Aufgespießt

Unverschämtheiten aus Politik, Promiszene und Alltag


Die Kolumne des Teams " Aufgespießt"

Montag, 25. Juni 2007, 22:10
(bisher 5.276x aufgerufen)

Wird der Bürger zum Strich-Code?

von  AlmaMarieSchneider


Ist dieser Gesellschaft eigentlich bewusst wie weit sich unsere Demokratie im „Kampf gegen den Terrorismus“ vom ursprünglichen freiheitlichen Selbstverständnis entfernt hat?

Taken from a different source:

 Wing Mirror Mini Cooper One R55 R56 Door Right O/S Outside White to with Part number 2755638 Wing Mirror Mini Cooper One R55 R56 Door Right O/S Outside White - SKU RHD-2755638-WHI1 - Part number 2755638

1983 wurde vom Bundesverfassungsgericht im „Volkszählungsurteil“ die systematische, maschinell gestützte Durchleuchtung der Bevölkerung verboten.
Jedermann könne grundsätzlich selbst entscheiden was er wem gegenüber von sich preisgeben möchte, heißt es dort.
Anhand der momentanen schon gängigen Praxis, die systematische Ausspitzelung der Bürger durch Behörden, wird erschreckend klar, wie fremd uns bereits das verfassungsrechtlich garantierte Grundrecht auf informelle Selbstbestimmung, geworden ist.
Schritt für Schritt werden unter dem Deckmäntelchen der Terrorgefahr diktatorische Steuerungs- und Überwachungsmittel für Rechtens erklärt.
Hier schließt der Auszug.